To do: Please copy, word for word, the line that contains "2025 Ford F-150 XLT w/ Pro Power & Max Tow" and every line after it through the end of the records, and nothing more.

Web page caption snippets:
__________

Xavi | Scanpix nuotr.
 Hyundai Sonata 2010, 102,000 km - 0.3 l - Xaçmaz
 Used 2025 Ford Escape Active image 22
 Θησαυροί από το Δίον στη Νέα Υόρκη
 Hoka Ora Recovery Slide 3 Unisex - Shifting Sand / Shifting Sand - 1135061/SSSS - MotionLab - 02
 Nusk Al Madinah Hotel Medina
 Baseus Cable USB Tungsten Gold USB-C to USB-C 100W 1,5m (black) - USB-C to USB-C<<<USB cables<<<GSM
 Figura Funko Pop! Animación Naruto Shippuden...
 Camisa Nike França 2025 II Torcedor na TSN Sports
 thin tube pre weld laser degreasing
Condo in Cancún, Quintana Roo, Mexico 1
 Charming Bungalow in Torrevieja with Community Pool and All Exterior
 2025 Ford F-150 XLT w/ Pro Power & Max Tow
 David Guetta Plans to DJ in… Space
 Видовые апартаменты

__________

Task output:
 2025 Ford F-150 XLT w/ Pro Power & Max Tow
 David Guetta Plans to DJ in… Space
 Видовые апартаменты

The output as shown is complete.